These women had an intensity about them, which I found completely seductive. Mainly because it's something I instantly recognise in myself. I spent years of my life in search of intense experiences - not such a good idea, you can imagine where that led me. They were in search of one-to-one conversations with somebody who was interested in what they had to say. They tended to monologue, were bad at listening, and in one case, had rampant echolalia!
But when I say the encounters had something in common, it was my reaction. In all these cases, I immediately knew these women as I know myself. My former self. I recognised the desire to conform socially, particularly in a work environment. The anxiety that comes with knowing that you are not quite meeting the grade socially, and you can't seem to fix it.
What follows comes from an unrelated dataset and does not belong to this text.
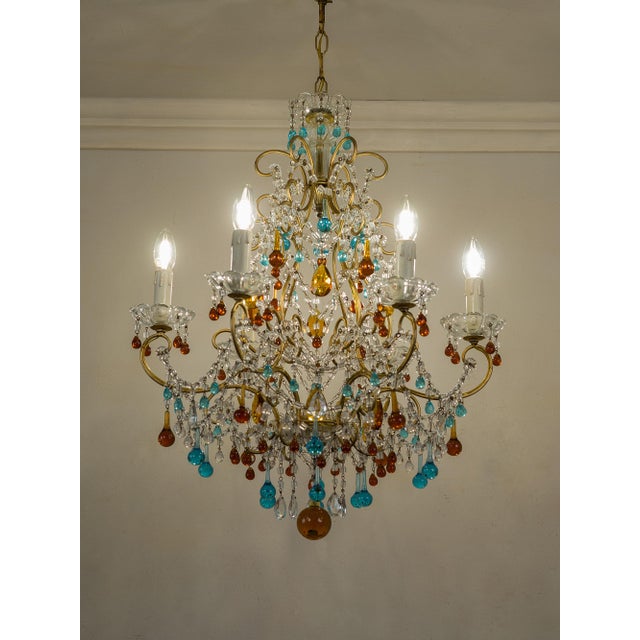 Vintage Florentine 6-Light Chandelier in Gilded Iron with Crystals and Murano Glass Pendants, 1950s For Sale - Image 6 of 14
The desperate need to make that connection with somebody else, and explain all about your special interest, and why it's so important and, well, interesting.
In my earlier post, I talked about seeing things going wrong, and wanting to help, but not being able to. But in terms of my own personal response to them, in the end, I backed away. I found their intensity slightly scary, because it was so familiar, and their anxiety set off my own anxious response.
Maybe part of the problem was that I didn't want to be reminded of who I used to be, before I finally gained some meaningful self-awareness, a way of explaining me to myself that made sense to my core. It was like seeing myself through others' eyes, in all my ignorance of what was driving me.
Maybe there are some things we should never see.